* [Work instruction]: Your copy should hold only the lines from the one with "4 Фотография поврежденного" to the one with "Hotel Nelo Jaragua do Sul Bagian luar foto", both included, each exactly as it stands below, with no pictures.

* [Data to use]:
§ §

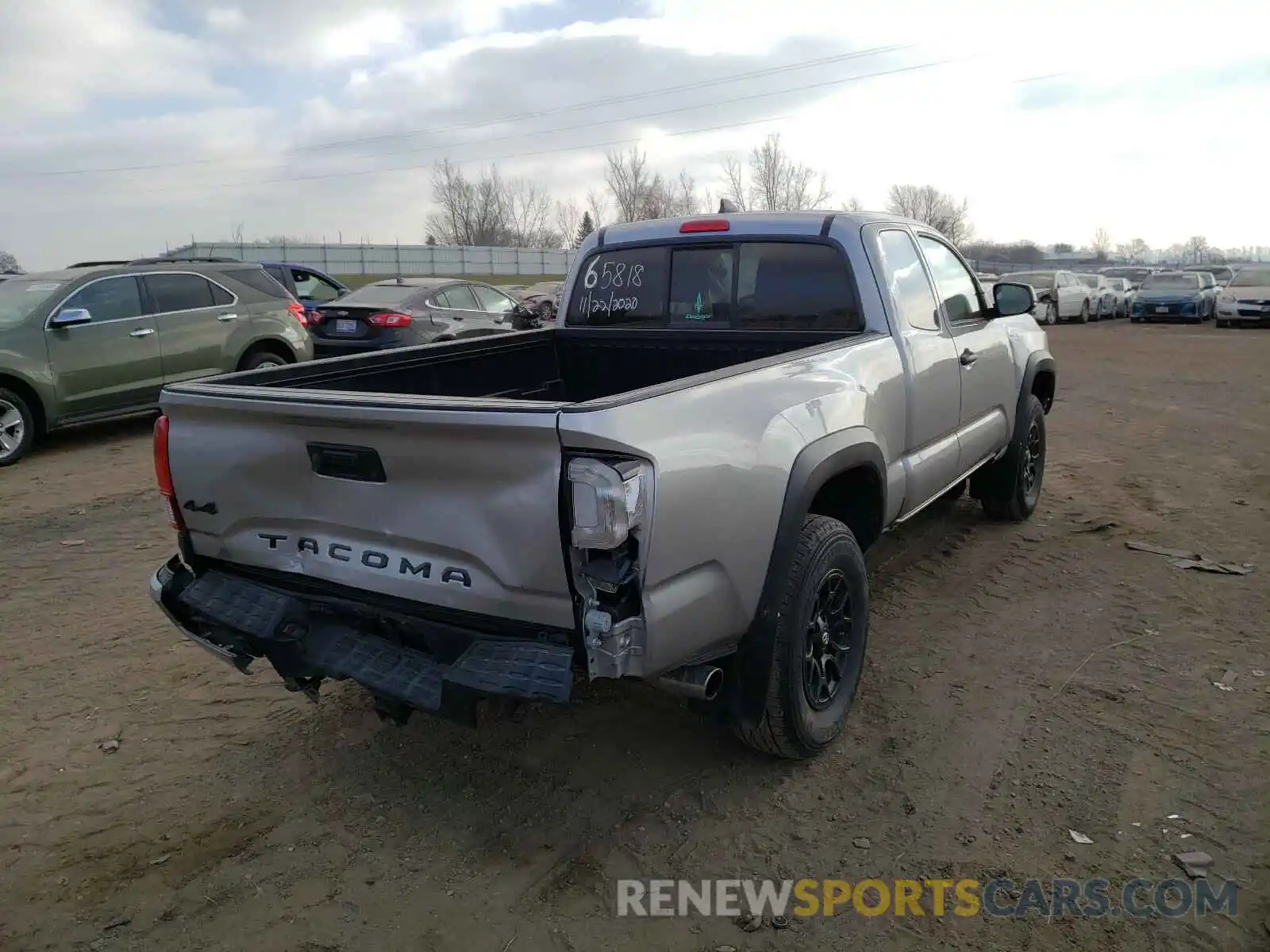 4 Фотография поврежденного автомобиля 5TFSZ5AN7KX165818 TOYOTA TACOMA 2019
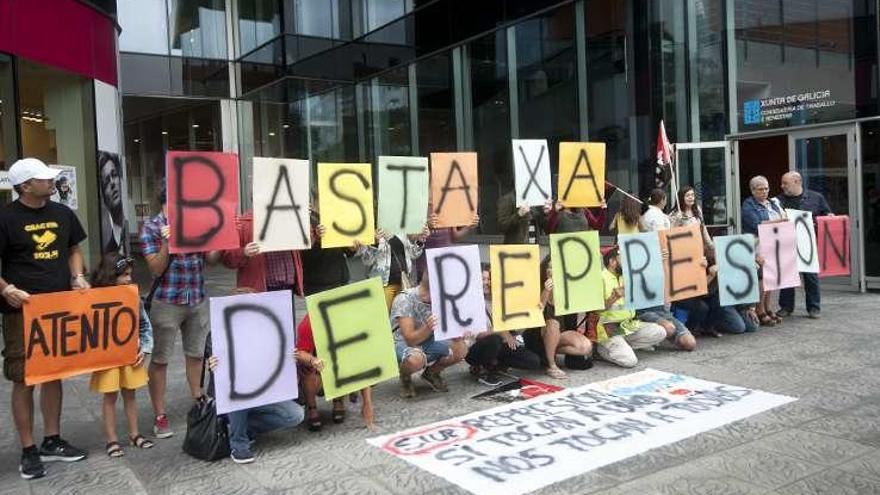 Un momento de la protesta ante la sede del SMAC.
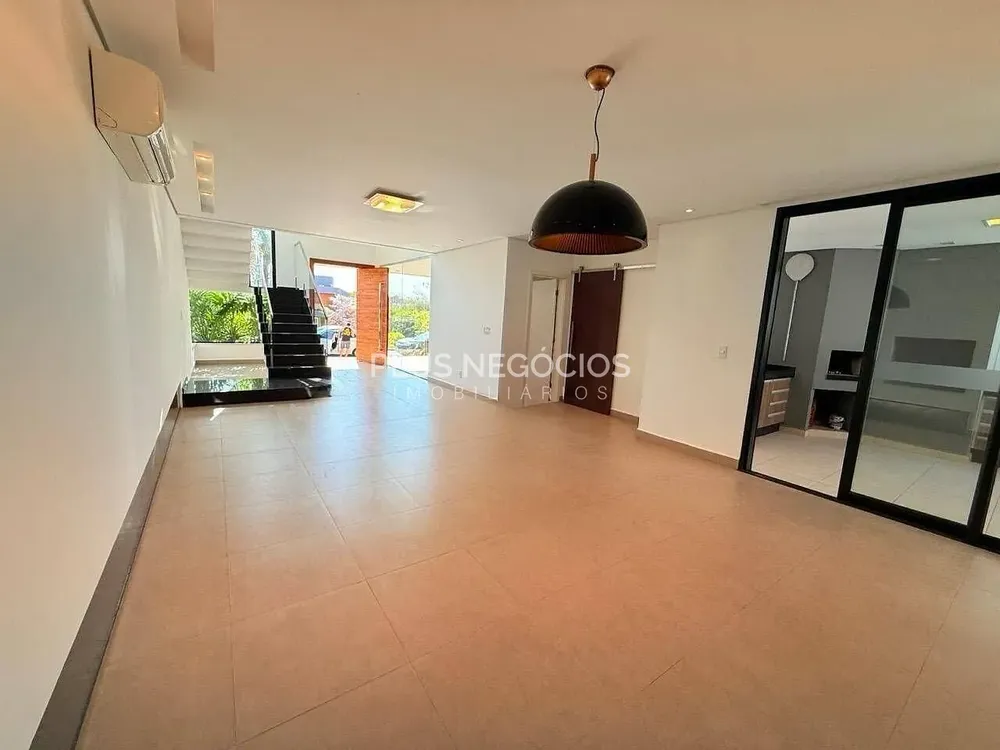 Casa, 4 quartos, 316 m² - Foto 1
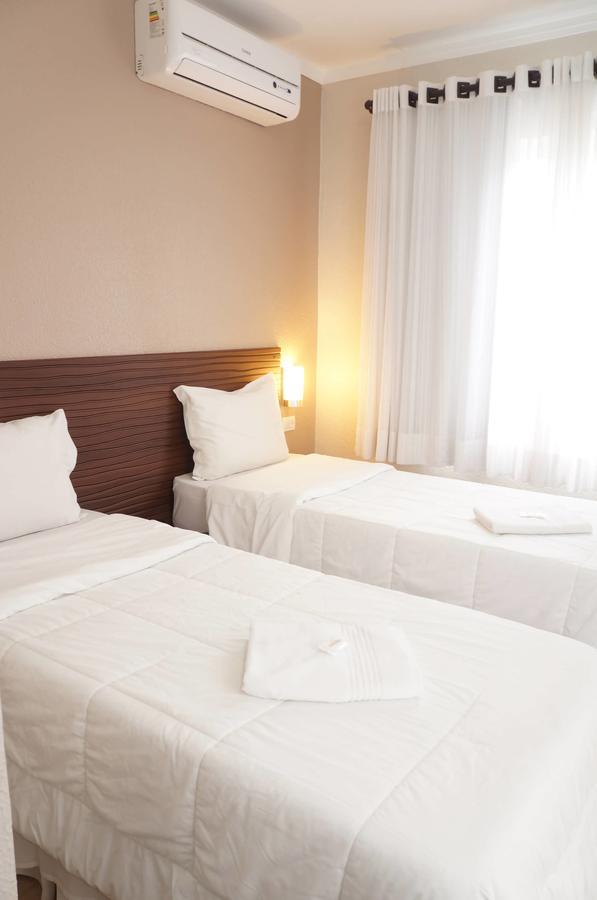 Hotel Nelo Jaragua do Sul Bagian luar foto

§ §

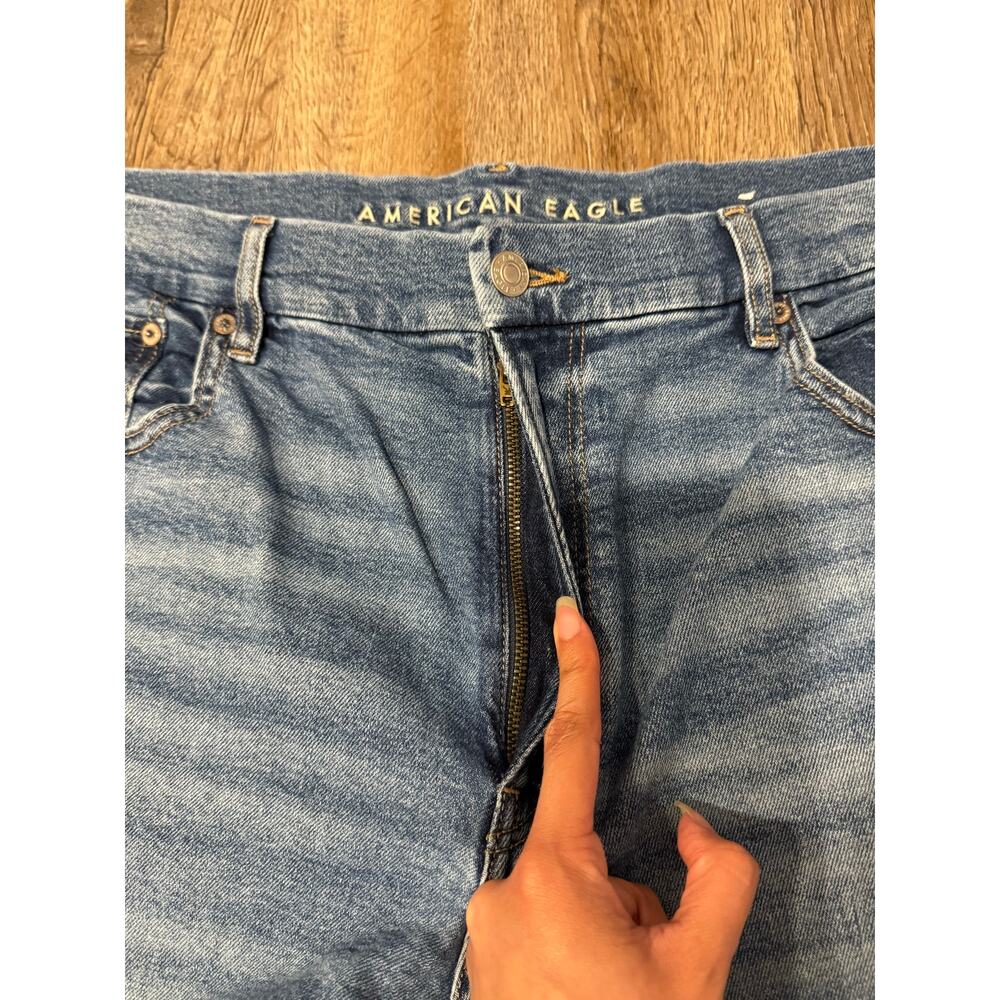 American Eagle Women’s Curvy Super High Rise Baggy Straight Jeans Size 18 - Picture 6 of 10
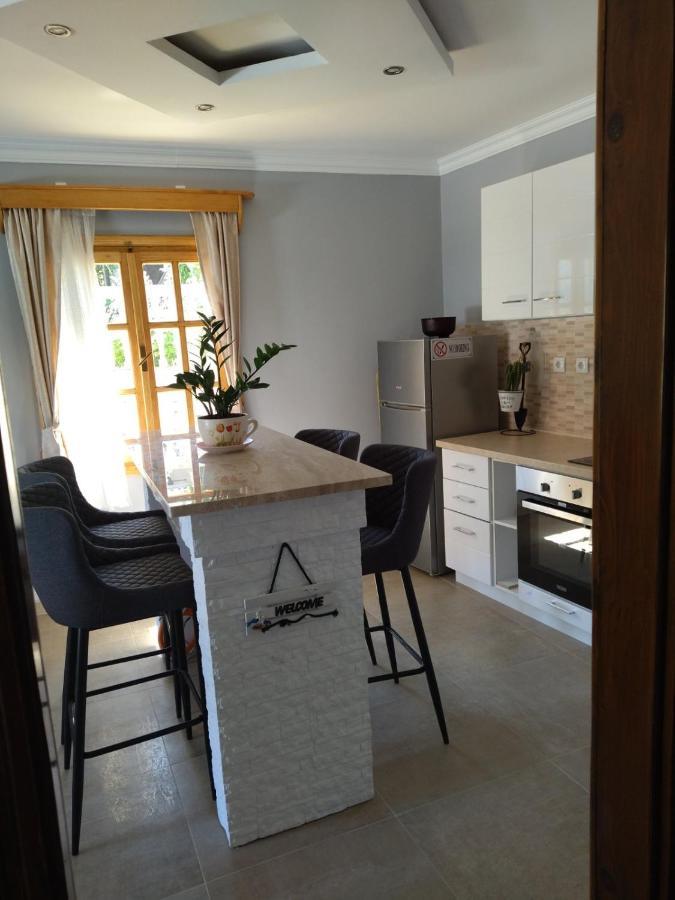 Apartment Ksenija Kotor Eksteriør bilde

§ §

* [Solution for this exercise]:
 4 Фотография поврежденного автомобиля 5TFSZ5AN7KX165818 TOYOTA TACOMA 2019
 Un momento de la protesta ante la sede del SMAC.
 Casa, 4 quartos, 316 m² - Foto 1
 Hotel Nelo Jaragua do Sul Bagian luar foto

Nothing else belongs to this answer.